- [PROBLEM]
After locating the line with "Square Neck Belted" in the entries below, output it and each following line up to and including the line with "Antique Boston Diving", exactly and without pictures.

- [TASK INPUTS]
----------

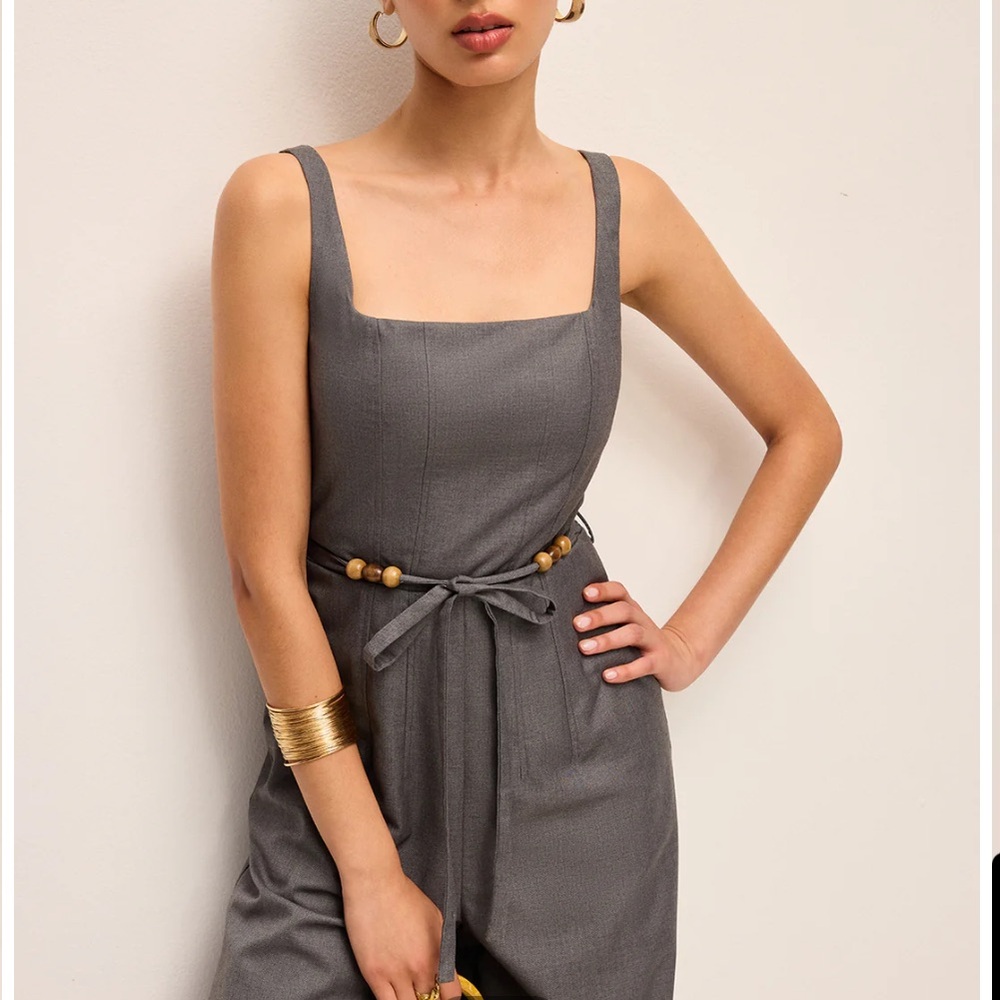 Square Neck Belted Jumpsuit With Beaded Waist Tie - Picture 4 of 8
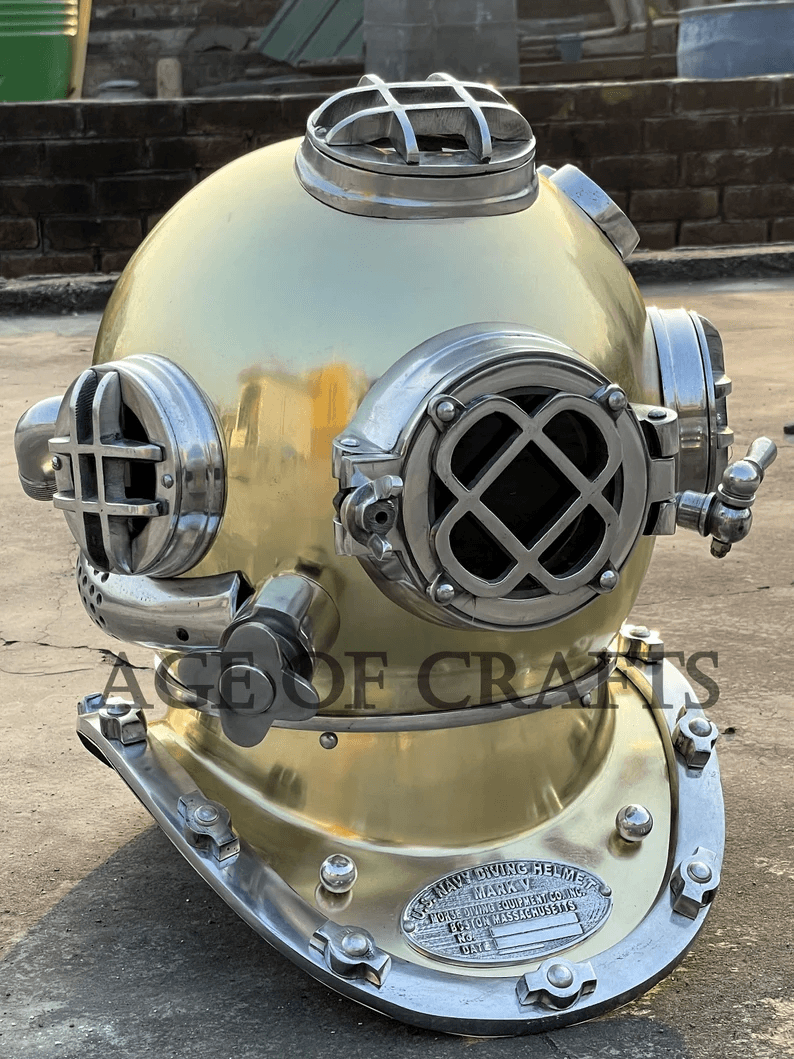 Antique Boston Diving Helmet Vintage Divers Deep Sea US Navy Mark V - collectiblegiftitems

----------

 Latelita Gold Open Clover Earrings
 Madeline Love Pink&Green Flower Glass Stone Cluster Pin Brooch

----------

- [YOUR SOLUTION]
 Square Neck Belted Jumpsuit With Beaded Waist Tie - Picture 4 of 8
 Antique Boston Diving Helmet Vintage Divers Deep Sea US Navy Mark V - collectiblegiftitems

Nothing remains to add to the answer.